Japan's Nikkei share average declined more than 1% on Thursday, as technology heavyweights tracked their U.S. peers lower after the Federal Reserve stiffened its hawkish stance with a further interest rate hike projected by the year-end.
The Nikkei had fallen 1.14% to 32,647.72 by the midday break, with chip-testing equipment maker Advantest shedding 2.34% to become the biggest drag.
Chip-making equipment maker Tokyo Electron slipped 0.8% and technology start-up investor SoftBank Group lost 2.34%.
Overnight, the S&P 500 and Nasdaq Composite slumped after the Fed held key interest rates unchanged as widely expected, and revised economic projections higher with warnings that the battle against inflation was far from over.
"Japanese heavyweight technology stocks tracked declines in the S&P and Nasdaq, and pushed the Nikkei lower," said Shuutarou Yasuda, a market analyst at Tokai Tokyo Research Institute.
The broader Topix slipped 0.72% to 2,387.96, with banks limiting the decline.
The banking index rose 1.79% to become the top performer among the Tokyo Stock Exchange's 33 industry sub-indexes.
Mitsubishi UFJ Financial Group and Sumitomo Mitsui Financial Group climbed 2.42% and 2.37%, respectively.

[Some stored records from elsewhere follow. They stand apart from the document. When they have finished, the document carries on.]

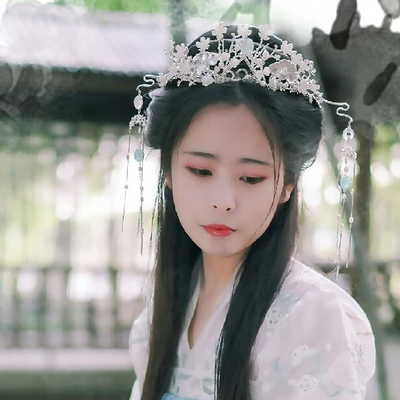 詩(shī)意琴女女生頭像，唯美古風(fēng)真人頭像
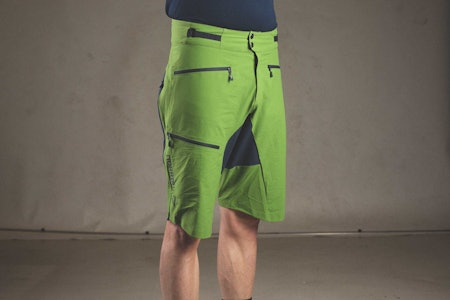 KLASSISK: Fjørå-shortsen kommer i flere varianter, vi har testet den som heter Flex 1 Mid Weight. Foto: Kristoffer H. Kippernes.  norrøna sykkelshorts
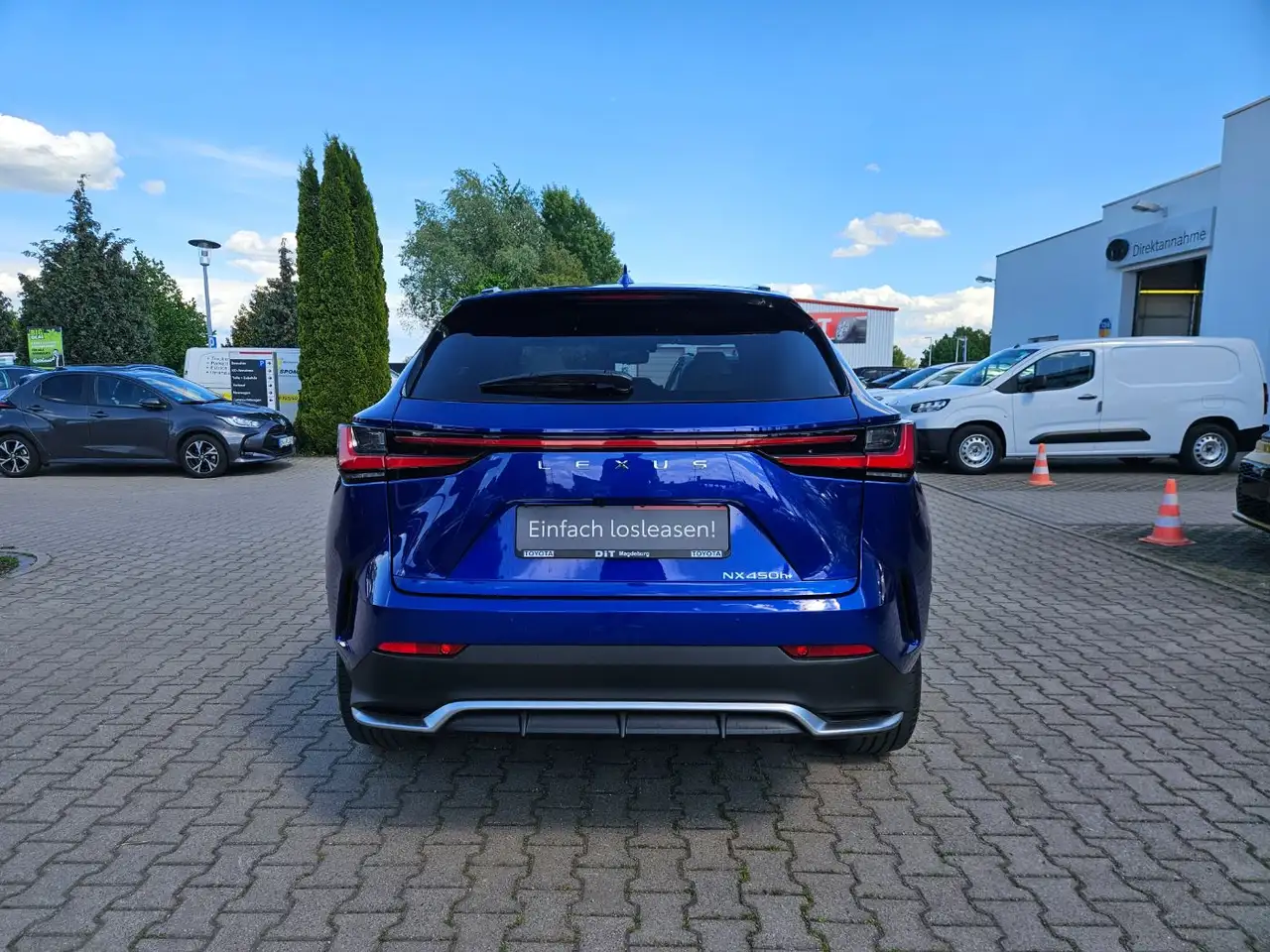 Lexus NX 8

The utility sector advanced 1.14%, with Tokyo Electric Power Holdings jumping 4.07% to become the top gainer on the Nikkei.
Steel makers rose 0.51%.
The Topix growth index, which track shares with higher growth potential, fell 1.35%, while the Topix value index for companies with slower growth but higher dividend payouts fell 0.27%.